Make yourself explicit.

As this essay collection progresses beyond the Automunge project, am trying to avoid making it some kind of vanity project. The goal for some time now has been to contribute to field of computer science, to add value through whatever channels become available. Part of the risk of dedicated focus in narrow subdomains like tabular preprocessing is that the work can lose relevance to more important advanced practices that lately have been extended well beyond the conventions of vanilla supervised learning. In the interest of avoiding tunnel vision, have thus recently begun a project of new language exploration, which will likely continue going forward on some recurring frequency like yearly or thereabouts. Supplemented with following the proceedings of a few research conferences I find makes keeping up with trends in modern practice feasible at least at a high level.

It was thus that I recently attempted a deep dive into the Rust programming language. The applicability of the Rust language to the field of data science is perhaps not an obvious one. Rust is a newer language that is still following an iterative update cycle of its own, with rollouts every 6 weeks as the API conventions are extended into nooks and cranny’s of various workflows explored by what I understand to be a welcoming and supportive developer community. The language is perhaps best thought of as solving a few issues associated with lower level languages like C or C++, as the integration of universally explicit variable type declarations makes for a speedy solution nearly on par with C while resolving a few security issues from channels like memory leakage that have been a recurring headache throughout the decades long history of C programming environments. Data science libraries in many cases are built in C++ for speed with python wrappers for interface; someday Rust may become an alternate convention for such infrastructure.

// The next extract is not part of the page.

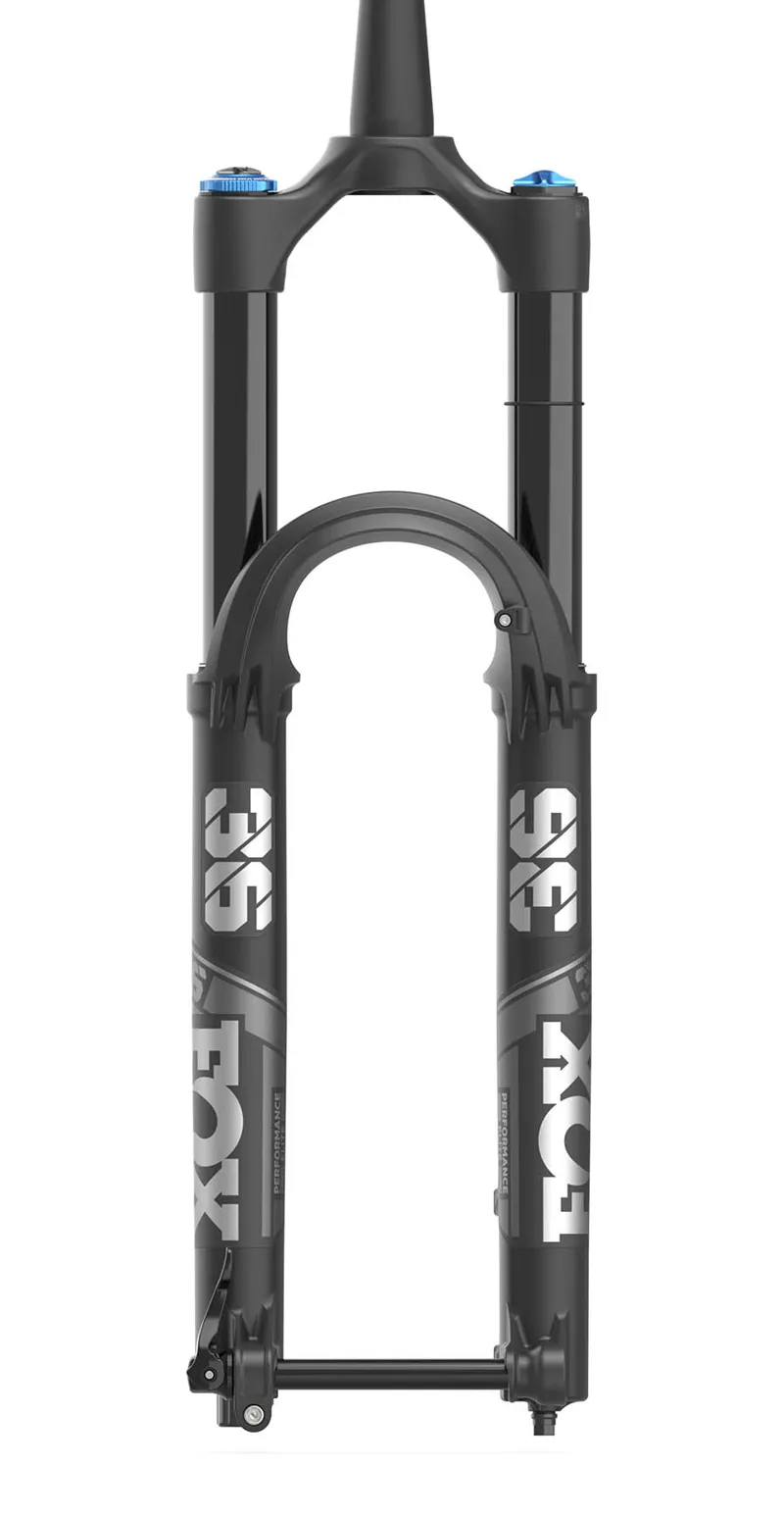 Fox Racing Shox Fox 36 Float Performance Elite GRIP2 29er Fork - 160mm 15QRx110mm 44mm 2 Fox Racing Shox Fox 36 Float Performance Elite GRIP2 29er Fork - 160mm 15QRx110mm 44mm - Image 2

The explicit type requirements are perhaps the most noticeable distinction, although some other fundamental conventions to the language include the packaging of modules into “crate” containers and the “Cargo” interpreter itself. One of the benefits of the type conventions are that it becomes easier to consider and iterate on segments of code modules even independent of their context to the surrounding architecture, as each function becomes interpretable as an isolated system. A tradeoff is that the density of idiomatic code representation loses some of the readability that one might enjoy with a (much slower) language like python. Fortunately common IDE (integrated development environment) platforms enjoy autocomplete functionality for many scenarios of type specification that make the practice of writing at least a little easier. The added benefit of intelligent bug reporting (they call him “Clippy”) makes the experience more manageable than one may expect from simply viewing the resulting dense bracketed lines of code.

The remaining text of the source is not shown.